## PROBLEM REQUIREMENTS
How many of the lines below include "Black"? Give the number and no other words.

## PROVIDED RECORDS

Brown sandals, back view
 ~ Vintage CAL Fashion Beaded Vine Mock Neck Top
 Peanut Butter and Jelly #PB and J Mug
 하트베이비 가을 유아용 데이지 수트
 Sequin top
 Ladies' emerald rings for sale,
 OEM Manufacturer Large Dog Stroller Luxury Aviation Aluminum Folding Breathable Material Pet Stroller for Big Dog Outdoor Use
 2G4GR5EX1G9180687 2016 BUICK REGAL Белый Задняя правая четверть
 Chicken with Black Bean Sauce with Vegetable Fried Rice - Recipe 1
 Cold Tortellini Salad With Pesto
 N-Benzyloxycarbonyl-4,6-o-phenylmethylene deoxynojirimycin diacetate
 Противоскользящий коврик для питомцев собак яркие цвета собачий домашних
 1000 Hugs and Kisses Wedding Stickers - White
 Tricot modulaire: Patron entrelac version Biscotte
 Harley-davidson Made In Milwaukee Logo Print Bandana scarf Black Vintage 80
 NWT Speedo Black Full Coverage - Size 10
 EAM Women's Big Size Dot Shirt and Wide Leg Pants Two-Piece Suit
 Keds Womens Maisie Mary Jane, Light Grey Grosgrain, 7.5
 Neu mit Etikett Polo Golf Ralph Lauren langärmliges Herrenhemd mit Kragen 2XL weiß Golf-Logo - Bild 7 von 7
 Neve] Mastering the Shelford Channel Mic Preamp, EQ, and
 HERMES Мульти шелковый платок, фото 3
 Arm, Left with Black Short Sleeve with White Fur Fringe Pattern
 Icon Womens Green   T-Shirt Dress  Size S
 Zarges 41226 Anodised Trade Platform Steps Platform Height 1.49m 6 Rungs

## EXERCISE RESULT
4